Shares in jail stocks have risen since Mr Trump vowed to follow through with a mass deportation plan that could affect millions of undocumented immigrants.
“We expect the incoming Trump administration to take a much more aggressive approach regarding border security, as well as interior enforcement, and to request additional funding from Congress to achieve these goals,” Geo Group executive chairman George Zoley said during an earnings call last week.
Shares in Geo Group, the largest private prisoner operator in the US, have risen by 67.8 per cent since election day.
Mr Zoley said the incoming administration will bring a “potential sea change” for the industry.
CoreCivic, a company that owns and manages private prisons, has also experienced a recent increase in share price. The company’s stock has risen by 61.12 per cent.

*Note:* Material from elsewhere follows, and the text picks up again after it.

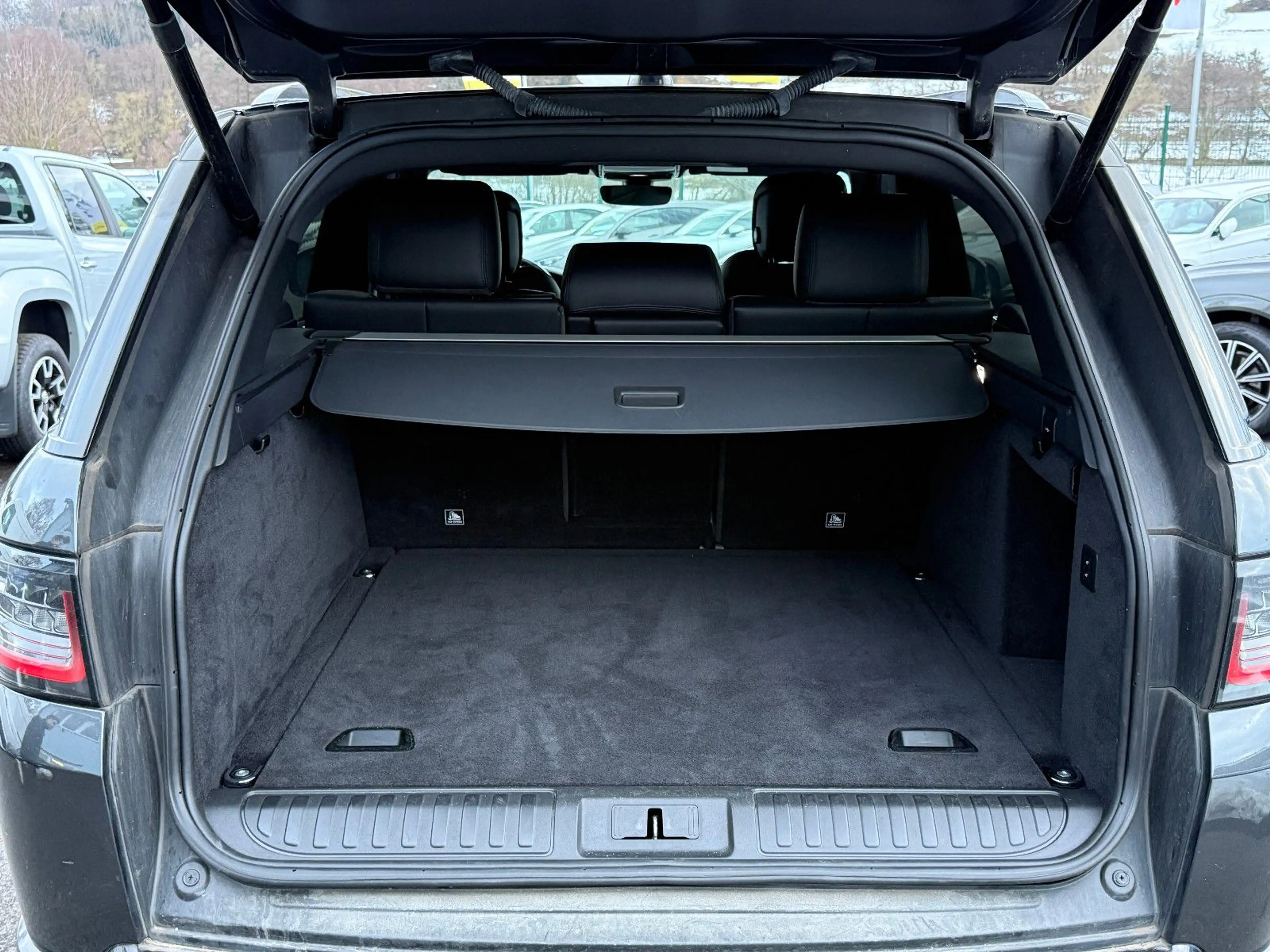 Land Rover Range Rover Sport 5.0 V8 Leder Navi LED Sthz Kam — photo 6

Mr Trump’s return to the White House is also seen as a boon to big banks who could benefit from less regulation and more domestic investment.
Goldman Sachs and Bank of America shares have increased by the highest amount since election day at 14.1 per cent and 10.5 per cent, respectively.
Financial Trade Commissioner chairwoman Lina Khan’s future is seen as being in jeopardy. Ms Khan’s FTC has been aggressive in blocking several mega mergers seen as anti-competitive. Her replacement, as well as other antitrust appointments, could signal less regulation from agencies that would benefit banks and other companies.
The future of the Federal Reserve’s proposed capital requirements – also known as the Basel III Endgame – is also in doubt. The Fed has already drastically lowered the capital the nation’s largest banks would be required to hold after a fierce lobbying effort.
Shares in JP Morgan Chase and Citigroup have risen by 9.8 and 10.5 per cent, respectively.